▶ _Aim of the exercise_: Print every line below exactly as written, but leave the pictures behind.

===== Information provided

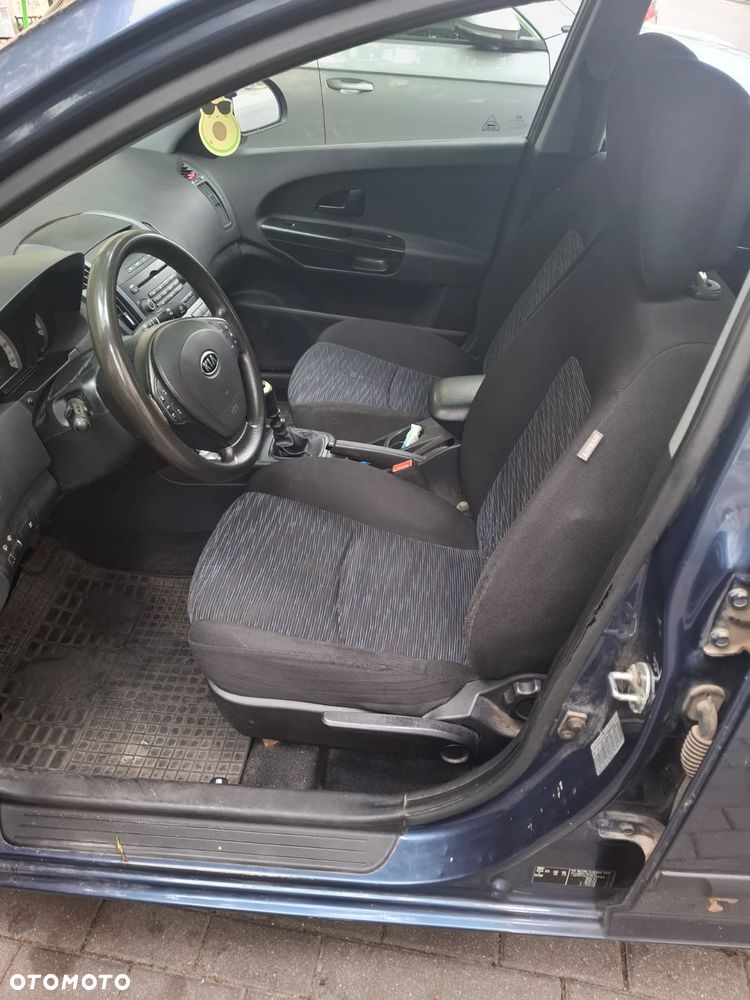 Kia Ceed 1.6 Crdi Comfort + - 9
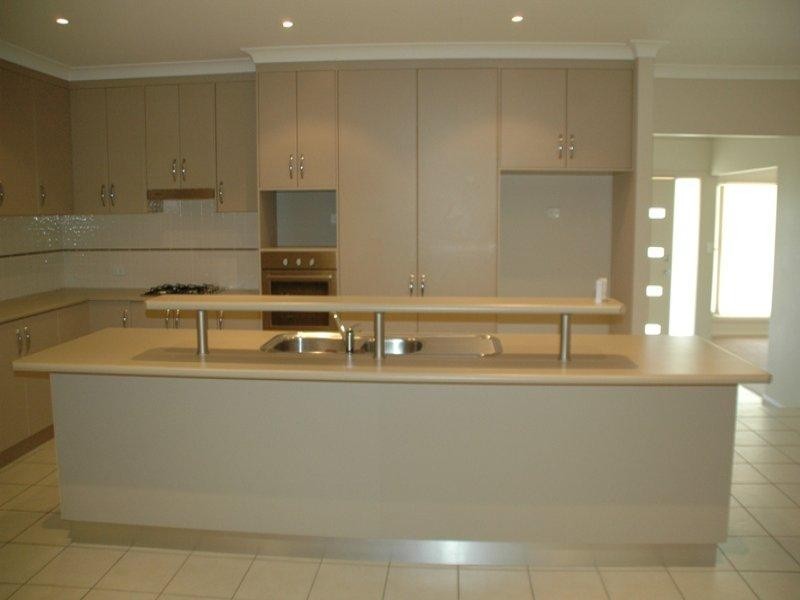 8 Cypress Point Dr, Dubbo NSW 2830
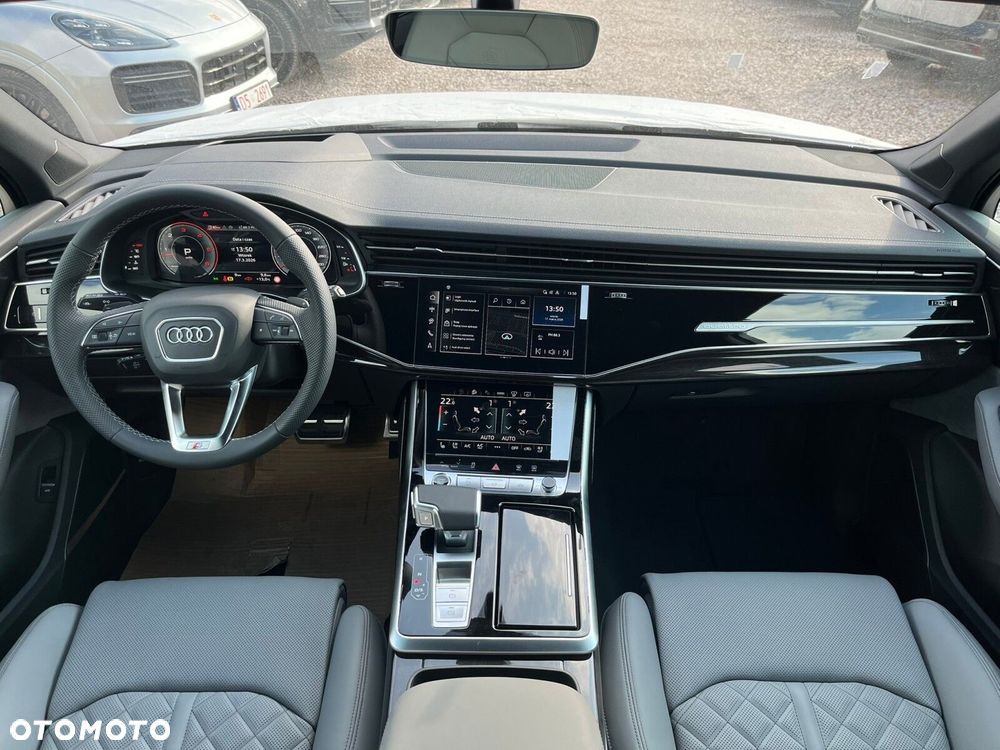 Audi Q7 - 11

==========

▶ _Solution_:
 Kia Ceed 1.6 Crdi Comfort + - 9
 8 Cypress Point Dr, Dubbo NSW 2830
 Audi Q7 - 11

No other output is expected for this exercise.